We are blessed to have pictures of their birth parents…even a picture of their Mommy a few weeks before giving birth, her belly swollen and a smile on her face.
Yet her presence in my daughters’ lives is mixed with so much uncertainty, pain and even anger at times. I have longed to be able to tell them without a shadow of a doubt that their birth mother loved and cherished them from the beginning; that she made choices for them out of a deep love and selflessness inside of her; that she dreamed of a bright future for them. It would make the story so much simpler to be able to tie it up in a neat bow of heroism and sacrifice all for the good of them. But their stories are not quite that simple, and there are a lot of questions without easy answers. They know much uncertainty and rejection for their young age, and all I can do is to give them honest, age appropriate answers to their many questions…and to say the words “I am so sorry.” It is not my story to twist, paint in bright colours or finish with a flourish.
So imagine the gift of these words.
ALL THE Delicate INNER PARTS OF MY
BODY & KNIT ME TOGETHER
IN MY MOTHER’S WOMB.
THANK YOU FOR MAKING ME
SO WONDERFULLY COMPLEX!
I PRAISE YOU, GOD!
YOUR WORKMANSHIP IS
HOW WELL I KNOW IT.
YOU WATCHED ME AS
I WAS BEING FORMED IN UTTER SECLUSION;
As I was woven together in the dark of the womb.

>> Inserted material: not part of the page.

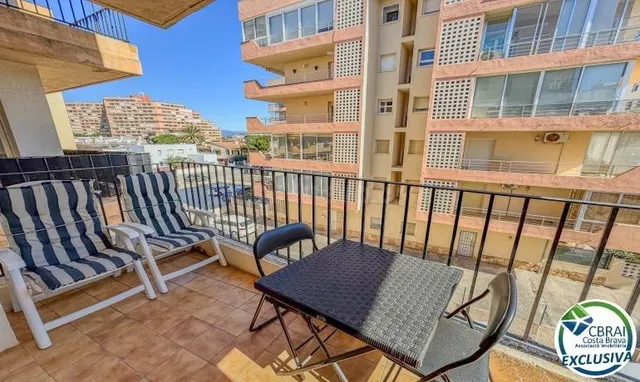 Acogedor apartamento de 2 habitaciones con terraza — Roses (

YOU SAW ME BEFORE I WAS BORN.
ALL THE DAYS YOU HAD PLANNED FOR ME WERE
WRITTEN IN YOUR BOOK
EVEN ONE OF THEM CAME TO BE.
Psalm 139: 13-16
A few weeks later when I found out I was carrying one of these tiny miracles within my own womb, I went back and smiled as I read these verses again. All my children’s names will be written in my Bible beside this verse. No matter who their birth parents may be, what truths their stories may hold or what devastation life may bring…I know this to be life-giving, sustaining TRUTH.
He has seen us long before we were ever born.
We are HIS intricate creation.
Our existence is not a mistake, and before our first breath He could see each day of our lives stretched before Him like the seashore.
We are loved.
We are wanted.
We are in his capable hands.
And that is enough for this Mama to cling to. If I accomplish nothing else I hope to give this knowledge as a gift, buried deep in the hearts of each of my children.